START EXCERPTED RECORDS

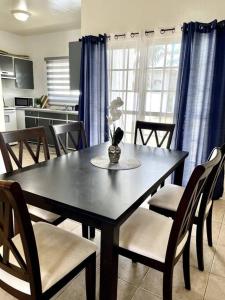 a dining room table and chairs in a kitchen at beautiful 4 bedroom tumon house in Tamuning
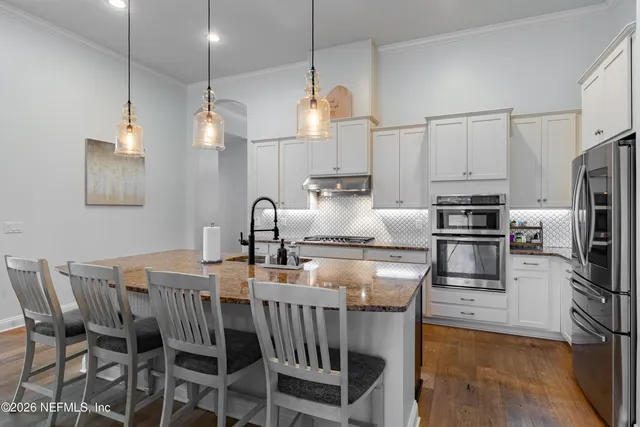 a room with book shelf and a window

END EXCERPTED RECORDS
START EXCERPTED RECORDS

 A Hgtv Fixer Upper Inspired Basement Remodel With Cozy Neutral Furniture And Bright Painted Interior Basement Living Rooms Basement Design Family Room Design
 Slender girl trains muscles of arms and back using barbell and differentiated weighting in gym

END EXCERPTED RECORDS
START EXCERPTED RECORDS

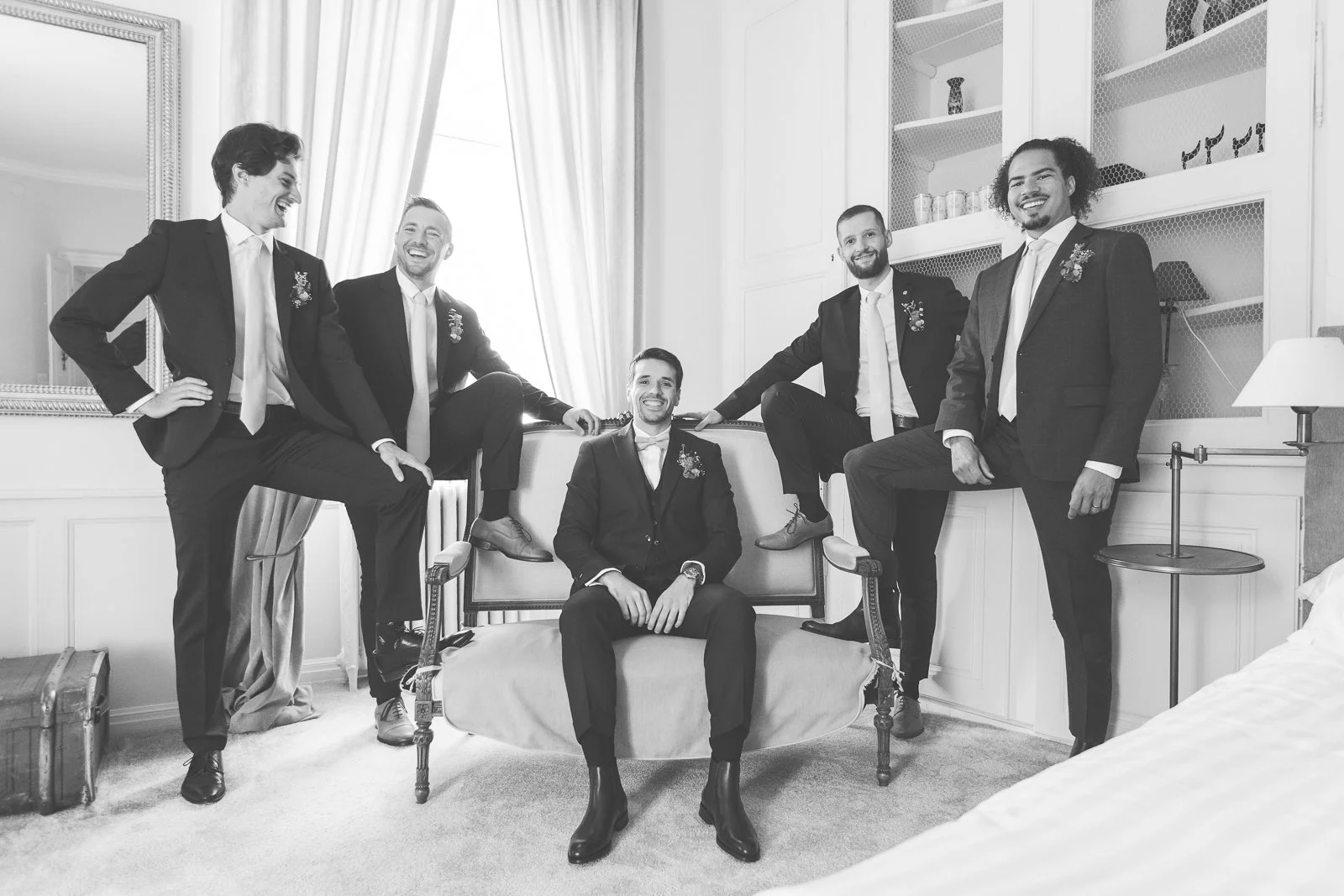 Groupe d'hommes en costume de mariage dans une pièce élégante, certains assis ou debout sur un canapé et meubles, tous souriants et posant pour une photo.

END EXCERPTED RECORDS

▶ _ACTIVITY_
From the line containing "a dining room" through the line containing "a room with book shelf and a window", copy every line above exactly, without pictures.

▶ _RESPONSE AREA_
 a dining room table and chairs in a kitchen at beautiful 4 bedroom tumon house in Tamuning
 a room with book shelf and a window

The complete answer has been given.